Tue Feb 28 10:10:46 EST 2006

"Simon Marlow" <simonmar at microsoft.com> wrote:

> How does ENCODING work for a UTF-16 file, for example?
> We don't know the file is UTF-16 until we read the ENCODING pragma,
> and we can't read the ENCODING pragma because it's in UTF-16. 

Use the same type of heuristic as XML uses (for instance).

  * If the first three bytes of the file are "{-#", then keep reading in
    ASCII/Latin-1/whatever until you discover an ENCODING decl (or not).
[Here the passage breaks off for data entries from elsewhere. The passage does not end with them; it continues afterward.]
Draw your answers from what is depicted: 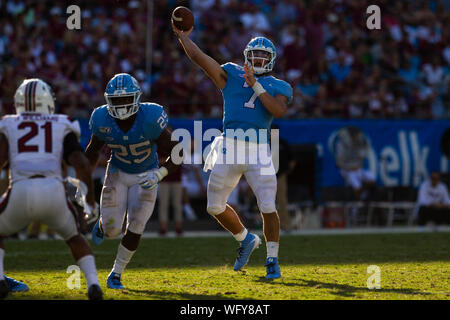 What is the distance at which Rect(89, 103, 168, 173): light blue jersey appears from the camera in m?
6.29

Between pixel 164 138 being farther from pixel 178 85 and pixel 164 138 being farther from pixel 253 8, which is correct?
pixel 253 8

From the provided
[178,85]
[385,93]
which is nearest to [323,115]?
[385,93]

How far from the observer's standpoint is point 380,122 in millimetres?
14820

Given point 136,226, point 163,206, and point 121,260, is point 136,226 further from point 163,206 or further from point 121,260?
point 163,206

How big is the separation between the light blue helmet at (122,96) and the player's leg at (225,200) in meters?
1.17

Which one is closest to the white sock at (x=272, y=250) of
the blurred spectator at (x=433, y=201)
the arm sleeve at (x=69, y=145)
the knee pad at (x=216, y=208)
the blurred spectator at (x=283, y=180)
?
the knee pad at (x=216, y=208)

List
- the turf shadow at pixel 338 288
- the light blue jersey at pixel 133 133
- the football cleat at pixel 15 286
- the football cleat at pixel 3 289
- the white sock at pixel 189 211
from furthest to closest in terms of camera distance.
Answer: the white sock at pixel 189 211, the light blue jersey at pixel 133 133, the football cleat at pixel 15 286, the turf shadow at pixel 338 288, the football cleat at pixel 3 289

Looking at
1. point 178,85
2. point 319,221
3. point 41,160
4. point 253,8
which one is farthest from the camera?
point 253,8

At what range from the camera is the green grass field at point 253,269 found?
235 inches

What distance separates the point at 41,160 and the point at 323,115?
34.2ft

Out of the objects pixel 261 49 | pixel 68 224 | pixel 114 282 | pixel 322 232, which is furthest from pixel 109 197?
pixel 322 232

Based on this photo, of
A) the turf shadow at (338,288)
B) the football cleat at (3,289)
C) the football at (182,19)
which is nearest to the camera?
the football cleat at (3,289)

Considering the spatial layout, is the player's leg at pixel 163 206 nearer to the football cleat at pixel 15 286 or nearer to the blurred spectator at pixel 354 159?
the blurred spectator at pixel 354 159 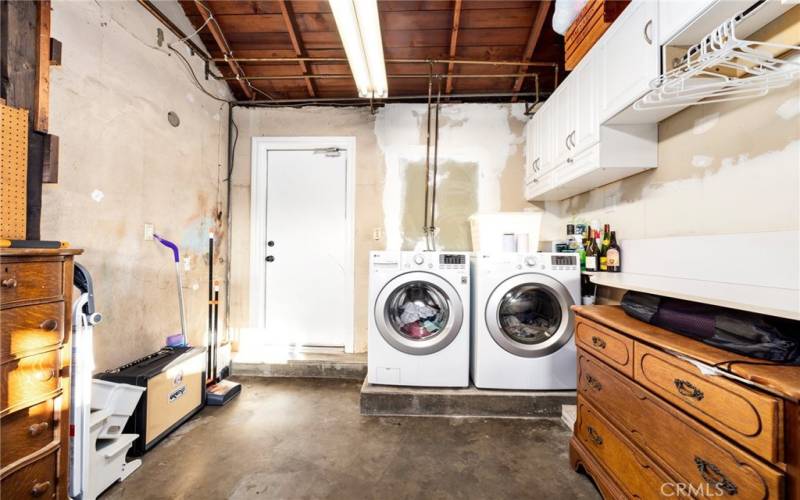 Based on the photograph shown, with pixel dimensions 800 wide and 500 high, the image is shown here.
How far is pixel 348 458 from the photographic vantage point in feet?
5.65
  * If the first six bytes of the file are one of the two possible
    UTF-16 representations of "{-#", then assume UTF-16 with that
    byte-encoding until we find the ENCODING decl.  (A missing decl in
    this case would be an error.)

  * If the first twelve bytes of the file are a UCS-4 representation of
    "{-#" then ... you get the picture.

  * For UTF-16 and UCS-4 variations, you must also permit the file to
    begin with an optional byte-order mark (two or four bytes).

  * Otherwise, there is no ENCODING pragma, so assume the implementation
    default of {ASCII, Latin-1, UTF-8, ...}.

I know it's pretty horrible, but it seems to work in practice for the
XML people.  In practice, the ENCODING decl is most needed for those
that have ASCII as a subset - one could argue that the heuristic tells
you the UTF-16 and UCS-4 variations without needing a pragma.  (But
then, how would you guarantee that the first three characters in the
file must be "{-#" ?)

Regards,
    Malcolm